🤖 AI Summary
This work addresses the significant performance degradation of multimodal models under partial modality missingness, which stems from implicit modality preferences caused by imbalanced inter-modal learning during training. The study is the first to identify and quantify modality dominance relationships in the frequency domain and introduces a plug-and-play Multimodal Weight Allocation Module (MWAM). MWAM dynamically adjusts the contribution of each modality branch via a Frequency Ratio Metric (FRM), promoting balanced joint learning. This lightweight mechanism is highly generalizable and can be seamlessly integrated into both CNN and Vision Transformer (ViT) architectures. Extensive experiments demonstrate that it consistently enhances model robustness to missing modalities across diverse tasks and modality combinations, while also effectively boosting the performance of existing state-of-the-art methods.
📝 Abstract
Missing modalities present a fundamental challenge in multimodal models, often causing catastrophic performance degradation. Our observations suggest that this fragility stems from an imbalanced learning process, where the model develops an implicit preference for certain modalities, leading to the under-optimization of others.
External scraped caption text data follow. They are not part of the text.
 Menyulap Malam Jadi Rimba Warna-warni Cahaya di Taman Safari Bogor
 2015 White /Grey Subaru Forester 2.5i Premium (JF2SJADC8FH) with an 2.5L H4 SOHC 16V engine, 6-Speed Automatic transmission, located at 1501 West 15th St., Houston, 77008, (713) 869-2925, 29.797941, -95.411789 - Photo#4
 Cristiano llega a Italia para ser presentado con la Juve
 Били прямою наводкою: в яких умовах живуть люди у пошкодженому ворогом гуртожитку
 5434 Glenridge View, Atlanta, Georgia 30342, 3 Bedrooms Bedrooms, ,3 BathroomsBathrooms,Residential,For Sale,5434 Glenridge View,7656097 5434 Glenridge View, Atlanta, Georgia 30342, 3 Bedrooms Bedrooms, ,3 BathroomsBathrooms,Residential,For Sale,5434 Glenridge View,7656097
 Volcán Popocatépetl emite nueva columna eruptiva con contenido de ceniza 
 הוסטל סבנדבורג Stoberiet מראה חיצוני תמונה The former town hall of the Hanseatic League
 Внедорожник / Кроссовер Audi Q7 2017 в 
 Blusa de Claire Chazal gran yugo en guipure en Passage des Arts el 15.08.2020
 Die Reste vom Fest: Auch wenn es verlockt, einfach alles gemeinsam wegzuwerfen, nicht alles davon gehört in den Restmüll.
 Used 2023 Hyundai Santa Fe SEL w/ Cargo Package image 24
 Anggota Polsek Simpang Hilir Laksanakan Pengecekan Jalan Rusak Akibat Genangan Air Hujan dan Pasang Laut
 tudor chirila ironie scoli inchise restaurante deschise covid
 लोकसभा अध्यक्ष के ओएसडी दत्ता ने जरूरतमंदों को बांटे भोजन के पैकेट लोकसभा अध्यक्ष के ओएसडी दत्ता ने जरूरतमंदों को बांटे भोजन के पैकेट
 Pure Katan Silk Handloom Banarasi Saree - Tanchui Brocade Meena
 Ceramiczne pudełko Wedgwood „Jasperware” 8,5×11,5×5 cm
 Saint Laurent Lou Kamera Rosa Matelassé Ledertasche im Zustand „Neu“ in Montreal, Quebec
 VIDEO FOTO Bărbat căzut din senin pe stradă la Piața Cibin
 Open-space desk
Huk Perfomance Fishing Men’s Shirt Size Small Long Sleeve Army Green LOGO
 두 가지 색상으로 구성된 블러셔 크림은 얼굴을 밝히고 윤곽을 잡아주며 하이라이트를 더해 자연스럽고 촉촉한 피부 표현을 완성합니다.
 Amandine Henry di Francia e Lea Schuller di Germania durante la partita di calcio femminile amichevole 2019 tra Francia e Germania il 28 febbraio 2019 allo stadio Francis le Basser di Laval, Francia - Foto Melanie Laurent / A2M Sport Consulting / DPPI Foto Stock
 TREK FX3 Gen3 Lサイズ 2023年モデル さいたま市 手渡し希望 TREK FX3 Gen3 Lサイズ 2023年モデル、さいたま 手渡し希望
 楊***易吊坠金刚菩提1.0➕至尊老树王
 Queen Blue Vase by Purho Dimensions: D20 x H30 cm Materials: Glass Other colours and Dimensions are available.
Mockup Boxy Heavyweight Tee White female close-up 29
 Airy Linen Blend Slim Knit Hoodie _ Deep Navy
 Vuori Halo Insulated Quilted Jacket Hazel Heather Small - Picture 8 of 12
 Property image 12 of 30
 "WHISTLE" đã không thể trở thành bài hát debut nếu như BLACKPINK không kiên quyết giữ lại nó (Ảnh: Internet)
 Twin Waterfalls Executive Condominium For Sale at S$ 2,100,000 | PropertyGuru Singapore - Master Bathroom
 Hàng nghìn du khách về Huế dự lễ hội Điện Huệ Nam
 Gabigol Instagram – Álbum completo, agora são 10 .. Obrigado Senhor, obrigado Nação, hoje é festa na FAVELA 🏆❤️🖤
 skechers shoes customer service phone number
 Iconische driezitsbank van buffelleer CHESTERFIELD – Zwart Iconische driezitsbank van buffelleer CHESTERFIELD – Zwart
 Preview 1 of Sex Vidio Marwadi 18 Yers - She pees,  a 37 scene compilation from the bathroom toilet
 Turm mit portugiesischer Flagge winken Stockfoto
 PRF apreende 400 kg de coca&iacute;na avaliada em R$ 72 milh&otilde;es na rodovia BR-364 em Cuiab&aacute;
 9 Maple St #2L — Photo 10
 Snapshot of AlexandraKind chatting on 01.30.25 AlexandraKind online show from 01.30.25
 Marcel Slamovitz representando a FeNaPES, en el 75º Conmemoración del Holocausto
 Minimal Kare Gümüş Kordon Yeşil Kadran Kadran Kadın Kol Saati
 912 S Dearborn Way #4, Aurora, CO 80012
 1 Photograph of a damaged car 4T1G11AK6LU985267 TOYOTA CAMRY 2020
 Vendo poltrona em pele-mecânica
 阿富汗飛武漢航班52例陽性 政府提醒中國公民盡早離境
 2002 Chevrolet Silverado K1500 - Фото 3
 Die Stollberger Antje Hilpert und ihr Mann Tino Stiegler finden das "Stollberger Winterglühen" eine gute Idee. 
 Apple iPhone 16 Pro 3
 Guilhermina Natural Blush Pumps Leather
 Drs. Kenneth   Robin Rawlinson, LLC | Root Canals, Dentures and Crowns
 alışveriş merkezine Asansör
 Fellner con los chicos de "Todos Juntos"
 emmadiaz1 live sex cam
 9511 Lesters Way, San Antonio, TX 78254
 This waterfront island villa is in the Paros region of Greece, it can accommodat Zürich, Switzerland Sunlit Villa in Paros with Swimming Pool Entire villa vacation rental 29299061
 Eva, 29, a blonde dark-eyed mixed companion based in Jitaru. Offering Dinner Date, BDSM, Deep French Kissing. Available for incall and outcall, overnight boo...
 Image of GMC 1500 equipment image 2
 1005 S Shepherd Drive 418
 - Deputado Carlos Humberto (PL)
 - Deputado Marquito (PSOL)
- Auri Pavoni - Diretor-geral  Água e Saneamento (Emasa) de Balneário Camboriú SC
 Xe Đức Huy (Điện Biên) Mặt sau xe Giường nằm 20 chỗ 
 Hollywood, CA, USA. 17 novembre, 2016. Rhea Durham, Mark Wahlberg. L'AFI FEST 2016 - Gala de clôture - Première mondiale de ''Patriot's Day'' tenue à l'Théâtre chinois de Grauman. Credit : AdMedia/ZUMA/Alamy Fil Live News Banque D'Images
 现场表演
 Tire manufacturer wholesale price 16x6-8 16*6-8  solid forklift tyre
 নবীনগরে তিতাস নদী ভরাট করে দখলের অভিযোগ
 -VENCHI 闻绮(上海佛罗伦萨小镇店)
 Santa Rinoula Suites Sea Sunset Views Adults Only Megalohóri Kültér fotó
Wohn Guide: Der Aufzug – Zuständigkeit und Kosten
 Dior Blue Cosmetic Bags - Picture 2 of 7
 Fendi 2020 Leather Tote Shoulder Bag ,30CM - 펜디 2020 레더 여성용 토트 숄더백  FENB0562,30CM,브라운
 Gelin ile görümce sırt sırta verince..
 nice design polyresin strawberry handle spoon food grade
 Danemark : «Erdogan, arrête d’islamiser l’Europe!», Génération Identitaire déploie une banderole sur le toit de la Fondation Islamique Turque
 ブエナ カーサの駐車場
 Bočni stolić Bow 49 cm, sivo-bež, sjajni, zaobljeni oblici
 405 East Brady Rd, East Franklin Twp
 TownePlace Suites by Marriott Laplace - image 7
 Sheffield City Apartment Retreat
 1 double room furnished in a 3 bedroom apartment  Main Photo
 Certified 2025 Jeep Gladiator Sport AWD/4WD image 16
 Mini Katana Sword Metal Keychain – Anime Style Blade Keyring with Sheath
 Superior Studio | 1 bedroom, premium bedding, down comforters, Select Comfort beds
We propose a simple yet efficient method to address this challenge. The central insight of our work is that the dominance relationship between modalities can be effectively discerned and quantified in the frequency domain. To leverage this principle, we first introduce a Frequency Ratio Metric (FRM) to quantify modality preference by analyzing features in the frequency domain. Guided by FRM, we then propose a Multimodal Weight Allocation Module, a plug-and-play component that dynamically re-balances the contribution of each branch during training, promoting a more holistic learning paradigm. Extensive experiments demonstrate that MWAM can be seamlessly integrated into diverse architectural backbones, such as those based on CNNs and ViTs. Furthermore, MWAM delivers consistent performance gains across a wide range of tasks and modality combinations. This advancement extends beyond merely optimizing the performance of the base model; it also manifests as further performance improvements to state-of-the-art methods addressing the missing modality problem.